• _WHAT IS REQUIRED_: Reproduce, unaltered, the line with "OYO 9859 Home" along with every line that follows it in the records, up to the last.

[Data items]
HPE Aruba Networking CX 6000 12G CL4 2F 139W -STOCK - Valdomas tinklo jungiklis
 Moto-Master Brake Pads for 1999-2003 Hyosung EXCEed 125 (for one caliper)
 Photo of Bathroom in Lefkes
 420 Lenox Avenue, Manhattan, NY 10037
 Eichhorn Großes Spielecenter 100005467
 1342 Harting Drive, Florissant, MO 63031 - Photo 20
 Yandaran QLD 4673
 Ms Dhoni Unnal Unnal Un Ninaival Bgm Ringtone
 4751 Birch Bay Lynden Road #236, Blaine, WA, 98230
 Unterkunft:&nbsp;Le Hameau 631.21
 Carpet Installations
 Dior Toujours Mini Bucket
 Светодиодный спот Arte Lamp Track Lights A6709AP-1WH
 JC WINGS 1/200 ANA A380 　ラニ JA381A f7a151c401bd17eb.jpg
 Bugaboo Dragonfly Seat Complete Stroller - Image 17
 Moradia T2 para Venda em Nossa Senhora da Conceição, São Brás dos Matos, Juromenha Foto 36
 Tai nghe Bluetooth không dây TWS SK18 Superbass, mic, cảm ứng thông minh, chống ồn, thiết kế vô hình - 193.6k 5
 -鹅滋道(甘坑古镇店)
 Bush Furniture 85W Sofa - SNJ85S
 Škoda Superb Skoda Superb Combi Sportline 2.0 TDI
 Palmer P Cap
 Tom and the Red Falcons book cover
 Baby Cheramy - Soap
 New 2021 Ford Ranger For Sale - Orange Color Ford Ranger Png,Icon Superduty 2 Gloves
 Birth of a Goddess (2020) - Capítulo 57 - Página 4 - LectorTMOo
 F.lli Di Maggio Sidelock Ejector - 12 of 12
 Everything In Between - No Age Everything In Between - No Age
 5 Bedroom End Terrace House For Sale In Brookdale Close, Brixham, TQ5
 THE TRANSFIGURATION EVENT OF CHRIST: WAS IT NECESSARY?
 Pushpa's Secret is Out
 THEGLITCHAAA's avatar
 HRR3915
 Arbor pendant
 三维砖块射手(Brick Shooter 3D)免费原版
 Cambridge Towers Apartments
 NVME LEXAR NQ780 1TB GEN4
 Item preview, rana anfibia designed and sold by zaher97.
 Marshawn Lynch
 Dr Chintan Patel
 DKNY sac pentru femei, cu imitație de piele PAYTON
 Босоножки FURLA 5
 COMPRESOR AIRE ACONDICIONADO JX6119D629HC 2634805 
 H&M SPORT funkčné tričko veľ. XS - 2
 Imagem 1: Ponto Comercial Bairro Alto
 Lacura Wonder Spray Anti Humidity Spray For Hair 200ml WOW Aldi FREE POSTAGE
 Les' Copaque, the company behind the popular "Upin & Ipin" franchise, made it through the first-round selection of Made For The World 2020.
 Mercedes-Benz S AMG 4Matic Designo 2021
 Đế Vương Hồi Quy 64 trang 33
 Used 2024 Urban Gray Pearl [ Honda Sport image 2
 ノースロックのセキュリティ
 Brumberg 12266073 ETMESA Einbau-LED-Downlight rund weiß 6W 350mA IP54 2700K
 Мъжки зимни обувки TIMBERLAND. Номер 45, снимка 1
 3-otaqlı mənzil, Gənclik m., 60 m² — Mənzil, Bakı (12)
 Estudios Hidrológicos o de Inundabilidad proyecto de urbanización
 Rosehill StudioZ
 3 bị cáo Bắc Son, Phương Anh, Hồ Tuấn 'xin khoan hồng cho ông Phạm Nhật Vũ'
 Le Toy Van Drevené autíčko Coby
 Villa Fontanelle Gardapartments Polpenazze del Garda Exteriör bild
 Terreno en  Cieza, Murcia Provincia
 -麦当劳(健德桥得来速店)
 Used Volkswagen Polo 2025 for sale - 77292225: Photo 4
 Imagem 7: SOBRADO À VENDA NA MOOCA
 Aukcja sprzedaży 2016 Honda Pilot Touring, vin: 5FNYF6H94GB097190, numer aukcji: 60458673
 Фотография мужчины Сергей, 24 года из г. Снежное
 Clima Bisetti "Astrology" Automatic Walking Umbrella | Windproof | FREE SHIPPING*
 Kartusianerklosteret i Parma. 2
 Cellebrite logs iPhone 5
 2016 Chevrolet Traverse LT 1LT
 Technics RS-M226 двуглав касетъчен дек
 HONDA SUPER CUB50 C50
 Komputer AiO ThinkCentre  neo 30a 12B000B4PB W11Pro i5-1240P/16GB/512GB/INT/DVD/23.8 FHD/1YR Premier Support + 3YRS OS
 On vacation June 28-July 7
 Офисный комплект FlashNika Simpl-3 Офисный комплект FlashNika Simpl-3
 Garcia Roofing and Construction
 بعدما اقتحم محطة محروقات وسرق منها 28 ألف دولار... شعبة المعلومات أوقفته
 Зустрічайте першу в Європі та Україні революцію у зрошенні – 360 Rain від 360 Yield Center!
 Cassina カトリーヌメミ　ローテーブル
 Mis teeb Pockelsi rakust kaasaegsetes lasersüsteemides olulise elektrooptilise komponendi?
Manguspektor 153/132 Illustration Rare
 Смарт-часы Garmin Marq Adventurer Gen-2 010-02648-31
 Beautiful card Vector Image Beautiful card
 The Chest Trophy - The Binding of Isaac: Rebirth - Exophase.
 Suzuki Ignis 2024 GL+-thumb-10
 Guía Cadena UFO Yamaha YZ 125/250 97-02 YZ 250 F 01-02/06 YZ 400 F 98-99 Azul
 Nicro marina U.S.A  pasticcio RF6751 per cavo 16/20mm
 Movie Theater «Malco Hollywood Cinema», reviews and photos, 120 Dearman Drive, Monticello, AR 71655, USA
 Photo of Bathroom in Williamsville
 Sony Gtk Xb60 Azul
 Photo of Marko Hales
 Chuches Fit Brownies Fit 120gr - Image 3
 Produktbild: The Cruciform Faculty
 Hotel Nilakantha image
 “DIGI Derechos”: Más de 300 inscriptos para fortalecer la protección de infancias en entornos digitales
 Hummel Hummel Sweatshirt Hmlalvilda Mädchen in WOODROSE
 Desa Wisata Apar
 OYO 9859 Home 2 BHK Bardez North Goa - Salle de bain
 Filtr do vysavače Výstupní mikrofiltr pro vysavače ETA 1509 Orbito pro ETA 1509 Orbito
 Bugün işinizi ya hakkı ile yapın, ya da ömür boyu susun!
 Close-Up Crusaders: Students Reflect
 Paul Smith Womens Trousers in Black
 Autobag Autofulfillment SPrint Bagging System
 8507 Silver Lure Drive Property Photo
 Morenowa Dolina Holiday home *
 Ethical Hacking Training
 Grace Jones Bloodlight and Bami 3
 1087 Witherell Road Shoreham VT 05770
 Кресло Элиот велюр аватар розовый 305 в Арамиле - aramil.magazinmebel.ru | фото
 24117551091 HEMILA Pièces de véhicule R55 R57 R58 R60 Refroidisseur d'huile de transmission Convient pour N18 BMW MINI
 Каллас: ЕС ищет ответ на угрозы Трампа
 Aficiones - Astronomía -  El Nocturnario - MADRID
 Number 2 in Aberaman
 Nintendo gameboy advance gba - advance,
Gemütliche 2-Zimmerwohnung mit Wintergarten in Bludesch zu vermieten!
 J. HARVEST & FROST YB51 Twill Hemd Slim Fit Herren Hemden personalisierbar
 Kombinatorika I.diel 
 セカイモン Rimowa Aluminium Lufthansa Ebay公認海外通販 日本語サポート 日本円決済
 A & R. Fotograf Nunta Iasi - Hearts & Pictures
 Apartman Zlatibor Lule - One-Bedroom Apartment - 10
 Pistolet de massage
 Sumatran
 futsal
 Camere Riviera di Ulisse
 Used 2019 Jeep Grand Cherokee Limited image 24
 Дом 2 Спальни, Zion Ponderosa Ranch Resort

• _REPLY_:
 OYO 9859 Home 2 BHK Bardez North Goa - Salle de bain
 Filtr do vysavače Výstupní mikrofiltr pro vysavače ETA 1509 Orbito pro ETA 1509 Orbito
 Bugün işinizi ya hakkı ile yapın, ya da ömür boyu susun!
 Close-Up Crusaders: Students Reflect
 Paul Smith Womens Trousers in Black
 Autobag Autofulfillment SPrint Bagging System
 8507 Silver Lure Drive Property Photo
 Morenowa Dolina Holiday home *
 Ethical Hacking Training
 Grace Jones Bloodlight and Bami 3
 1087 Witherell Road Shoreham VT 05770
 Кресло Элиот велюр аватар розовый 305 в Арамиле - aramil.magazinmebel.ru | фото
 24117551091 HEMILA Pièces de véhicule R55 R57 R58 R60 Refroidisseur d'huile de transmission Convient pour N18 BMW MINI
 Каллас: ЕС ищет ответ на угрозы Трампа
 Aficiones - Astronomía -  El Nocturnario - MADRID
 Number 2 in Aberaman
 Nintendo gameboy advance gba - advance,
Gemütliche 2-Zimmerwohnung mit Wintergarten in Bludesch zu vermieten!
 J. HARVEST & FROST YB51 Twill Hemd Slim Fit Herren Hemden personalisierbar
 Kombinatorika I.diel 
 セカイモン Rimowa Aluminium Lufthansa Ebay公認海外通販 日本語サポート 日本円決済
 A & R. Fotograf Nunta Iasi - Hearts & Pictures
 Apartman Zlatibor Lule - One-Bedroom Apartment - 10
 Pistolet de massage
 Sumatran
 futsal
 Camere Riviera di Ulisse
 Used 2019 Jeep Grand Cherokee Limited image 24
 Дом 2 Спальни, Zion Ponderosa Ranch Resort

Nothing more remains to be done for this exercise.